街を隠れる様に歩いて主の屋敷に戻った俺は島原の件で知り得た事を主に報告して、一息ついた。
主は興味が失せたと言わんばかりにこちらを見なかったが、新撰組からの伝言を伝えると目の色が変わった。ようやく俺を見た。
「そうか、切り刻まれたか」
「内容が分からないので伺いをたてると言っていました。犯人探しも任せてくれ、警護もする、と」
「警護は任せよう。だが犯人探しは自らやらねばならん。内部の揉め事は内部で片すのが常だ」
「はい」
「黒田影麿か。懐かしい名だ」
主は感傷に浸るようにそう呟いて、書いていた文をぐしゃぐしゃに丸めた。だが笑っている。
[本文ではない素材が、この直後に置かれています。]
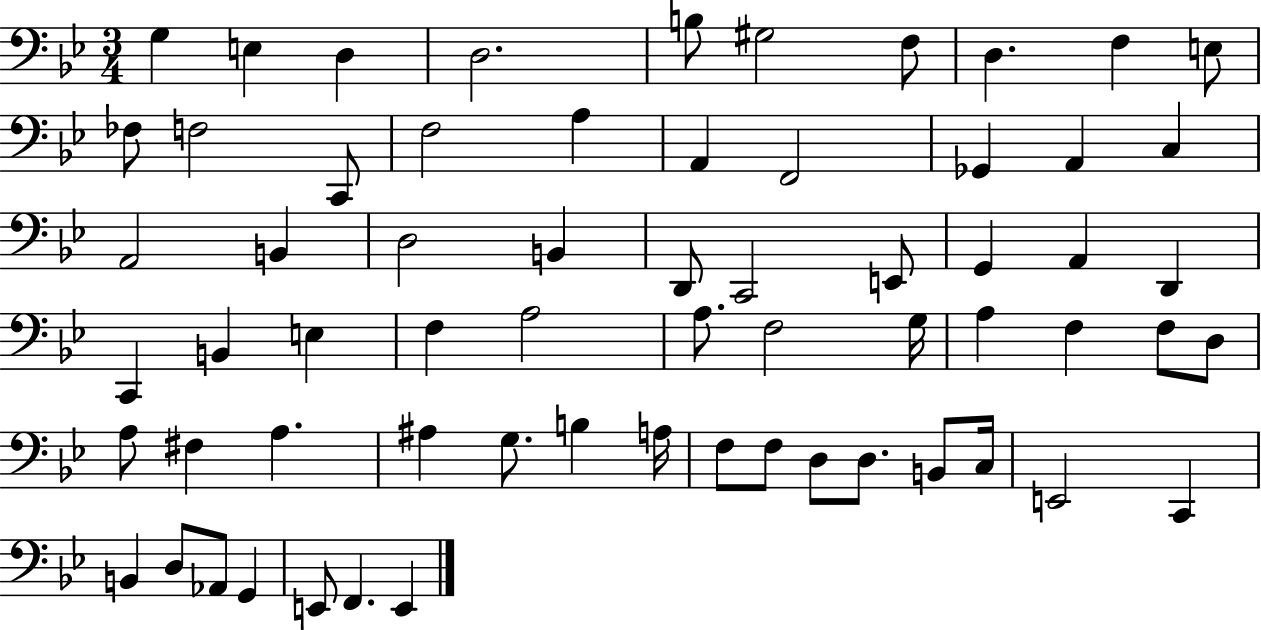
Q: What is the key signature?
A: BES major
主には沖田より大和屋より大きな狂気があるのではないか、と俺はたまに思う。嫌な状況を楽しんでいる点では瀬川と同じか?
「半助、今回の警備配置は全てお前に任せよう。新撰組をも操ってみなさい。俺の命を賭けてね」
本当に嫌な言い方をする。
「御意」
「さあ、そうと決まれば新撰組が伺いを立てるまで休むとするか」
そんな事を言って、主は俺にひらひら手を振った。真っ昼間だと言うのに向かったのは寝床だ。遊んでなさる。ご自分の命で。
良い度胸にも程がある。
俺は主の部屋の回りを確認してから扉の前に座り込んだ。俺は戦の時代を生きていた訳でもないし体験した覚えもない。だから采配などした事がないのだけれど。
主がやれと言うなら仕方ない。選択肢は二つに一つ。絶望かゼロの希望か。ならば俺は希望を選ぼう。底辺よりはましだろう。
「半助、用事が来たら起こしてくれるか。すぐに行くから」
「仰せの通りに」
俺は真面目に返事をした後で主の部屋を振り返った。この人は本当に――昔から変わらない。